July 22, 2025

Date: 06/20/2025, day three of the WRFI Restoration Ecology expedition.

Location: Mt. Haggin Wildlife Management Area in the Big Hole Watershed, Montana.

One minute, the group and I were doing our work, reading our assigned articles, and creating discussion questions after eating dinner. A moment later, rain was falling in a volume I’ve only experienced during hurricanes on Long Island. We saw lightning and counted the seconds between flashes and thunder. Seven seconds. WRFI policy is to take shelter if there are less than ten seconds between lightning and thunder. So, the twelve of us piled into the van we used for travel and waited out the storm. As I sat in the van, all I could think was, “Is it really that serious?”

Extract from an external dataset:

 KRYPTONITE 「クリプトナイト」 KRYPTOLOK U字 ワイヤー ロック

Never in my life leading up to that point have I seen weather as a real threat to my safety (outside of hurricanes) because of the conveniences of civilization. The only reason I would take shelter was to avoid getting wet. As we stayed in the van, we could see the flashes in the sky, and every now and again, someone would see a bolt flash through the sky. The timing between white light and thunder was getting smaller, eventually becoming impossible to tell there was space, and a bolt struck 200 feet from our camp. At that moment I understood why we have to think about our tent placement and where we were standing at any given time during a storm.

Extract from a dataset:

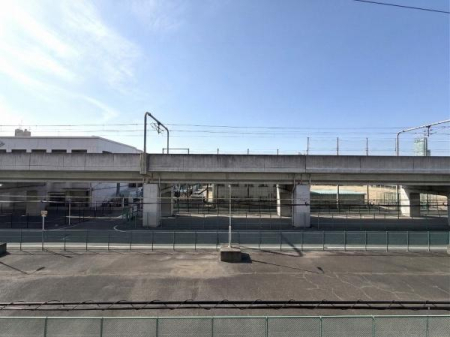 �Z�˂���̒��]�ʐ^ �o���R�j�[����̒��]�ʐ^�ł���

You didn’t want to be near the tallest object in an area, or even worse, be the tallest object. I also realized that virtually nowhere aside from your insulated sleeping mat or the inside of the van was safe. When lightning strikes close to you, all you see is blinding white, and all you hear is a deafening boom that leaves your ears ringing. There is nothing you can do but take shelter and wait it out. And nothing makes you feel more alive.